Сей сон не меньше усладил меня, как и устрашил».

«Я пишу жизнь человека сего, — говорит Ковалинский, — в христианском веке, стране, исповедании. Да прочтут книгу христианства, святое писание и увидят, что человек способен быть прозорливцем. Не разумеющий, да не разумеет»!

Этот сон необычайно характерен: это не просто сон — это смысл всего борения Сковороды. Он «отвратил очи» от всего содержания жизни, от всего просто данного, он «вышел» из всех обычных условий существования. Как истинный философ, он с жизнью своей проделал то, что хотел проделать с мыслъю своею Декарт. Если Декарт методическим сомнением решил избавить методическую мысль свою от господства традиции и предрассудков и для этого, усомнившись во всем, пытался хотя бы на время оставить мысль наедине с самою собой, то Сковорода отважился на нечто более решительное и грандиозное: он отверг всякое готовое содержание (а не только мысли) и, усомнившись во всех путях, решил прежде всего остаться с самим собой, овладеть своим «Я» и создать себе такую жизнь, которая бы всецело, во всех частях своих, вытекала (т. е. логически следовала) из чистой идеи его внутреннего существа». Само собой разумеется, Сковорода не сразу нашел себе внешнее место в «театре света». Ему нужно было сначала утвердиться во внутреннем, для того чтобы внешнее органически выросло из этого внутреннего.
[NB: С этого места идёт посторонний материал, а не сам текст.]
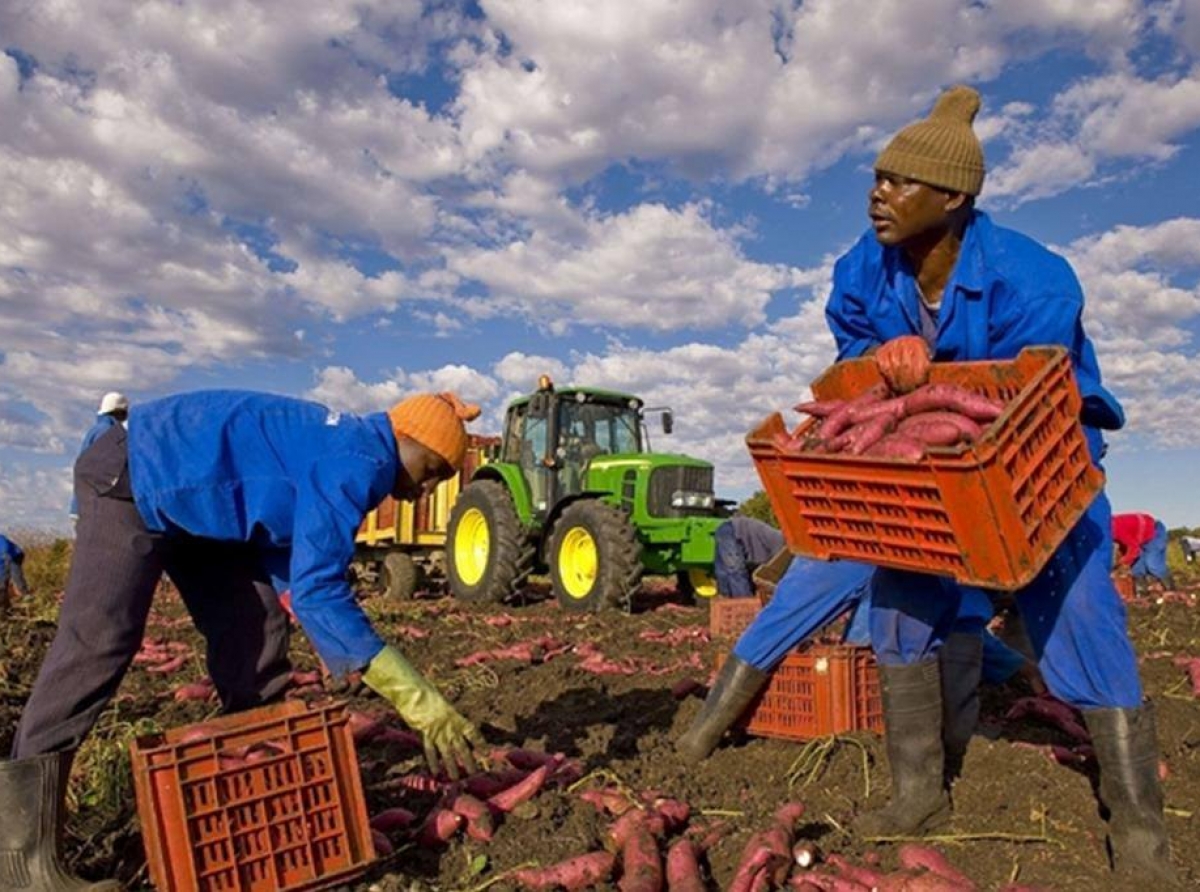 Pronta una legge per regolarizzare gli stranieri irregolari in agricoltura – di Paolo Rausa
Вот отчего всерешительность этого момента жизни Сковороды чисто внутренняя, и внешнее самоопределение в качестве нищего, странствующего мудреца, запаздывает на целые десять лет. Но истинный корень этого внешнего самоопределения во внутреннем решении, принятом Сковородой в 1758 г. в селе Каврай.

Ковалинский говорит:

«Не реша себя ни на какое состояние, положил он твердо на сердце своем снабдить свою жизнь воздержанием, малодовольством, целомудрием, смирением, трудолюбием, терпением, благодушеством, простотою нравов, чистосердечием, оставить все искательства суетные, все попечения любостяжания, все трудности излишества».
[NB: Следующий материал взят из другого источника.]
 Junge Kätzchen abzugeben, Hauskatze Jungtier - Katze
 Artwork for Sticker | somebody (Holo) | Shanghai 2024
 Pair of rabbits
Тот, кому покажется это решение малозначительным, пусть примет во внимание две вещи. Во первых, характер Сковороды необычайно целен. Раз решив что‑нибудь, он с неуклонностью выполняет. Принять такое решечие, через неделю забыть его (в духе нашего современного безволия) — это, конечно, очень малозначительно. Но Сковорода, приняв такое решение, остался верен ему всю жизнь. Тот новый, значительный вид, который принимает его фигура в последнюю треть его жизни, всецело вырастает на почве этого решения. Во вторых, если мы вспомним хаотическую подоснову характера Сковороды, соединенного с крепкой и упорной внешней волей, мы поймем, что трудности, переживаемые Скородой, чисто внутреннего, духовного порядка. Захотел бы он рубить турков, он, не колеблясь, пошел бы, куда следует. Внешне проявить свою волю ему ничего не стоило. Он избрал более трудный путь: волю свою укротить, хаос свой смирить. И в этом смысле решение его, с виду малозаметное, гораздо значительнее, чем все возможные и легкие для Сковороды самоопределения внешние.

Сковороде нужно было победить свою хаотичность, тоску, скуку, ненасытную валю. И внутренняя борьба его, патетическая устремленность к «Петре» стала приносить свои плоды.

«Сковорода начал чувствовать вкус к свободе от суетностей и пристрасти житейских, в убогом, но беспечном состоянии, в уединении, но без расстройки с самим собой… Волю он углубил, со всем умствованием ее и желаниями в ничтожность свою; поверг себя в волю Творца, предавшись всецело жизни и любви Божией, дабы Промысл Его располагал им яко орудием своим, а может и яко же хощет».

Не пойду в город богатый. Я буду на полях жить.

Буду век мой коротати, где тихо время бежит.

О дубрава! о зелена! о мати моя родна!